Start of Block

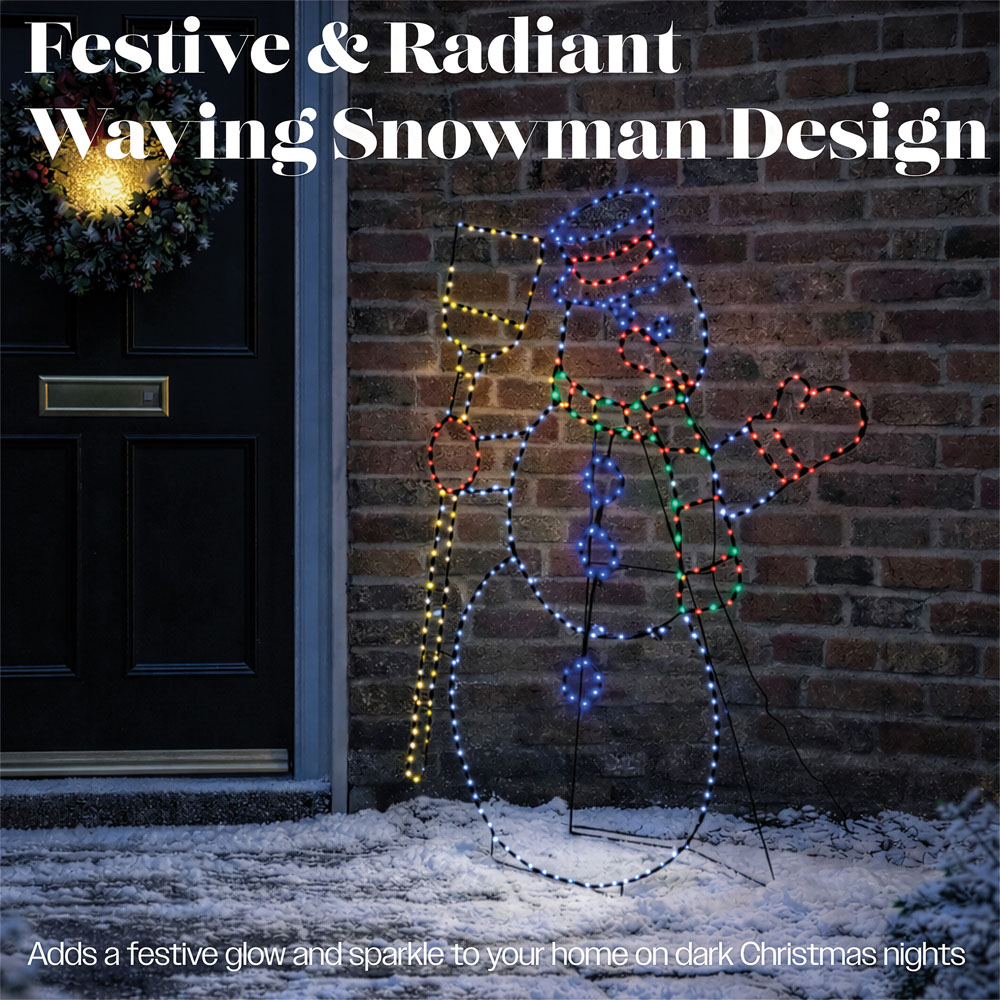 Xmas Haus 399 Multicolour LED Snowman Christmas Decoration 79cm Image 3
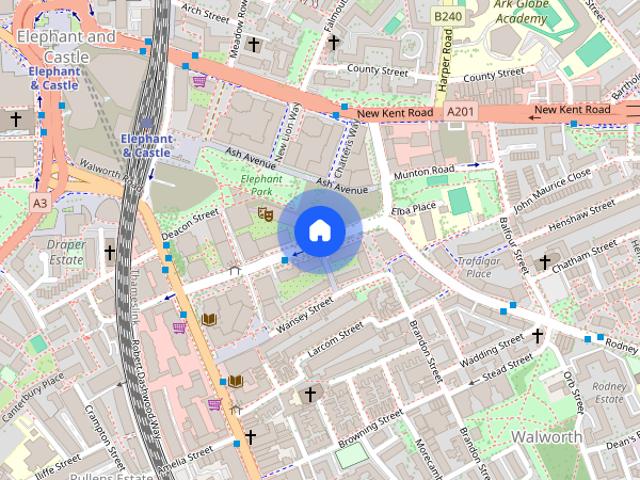 Apartment for rent in Walworth, Greater London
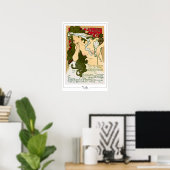 Poster d'art Alphonse Mucha Zedign #115 (Bureau à domicile)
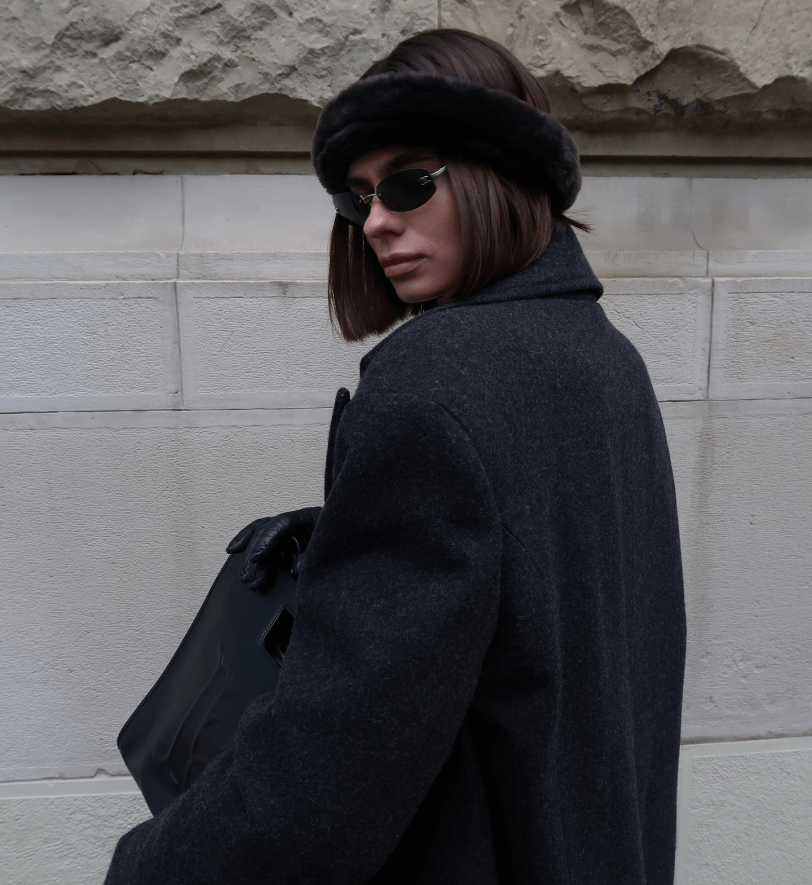 Хутряна пов'язка HOOPS black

End of Block

#### REQUIRED WORK:
Copy all of the data above exactly. Leave out every picture.

#### RESPONSE AREA:
 Xmas Haus 399 Multicolour LED Snowman Christmas Decoration 79cm Image 3
 Apartment for rent in Walworth, Greater London
 Poster d'art Alphonse Mucha Zedign #115 (Bureau à domicile)
 Хутряна пов'язка HOOPS black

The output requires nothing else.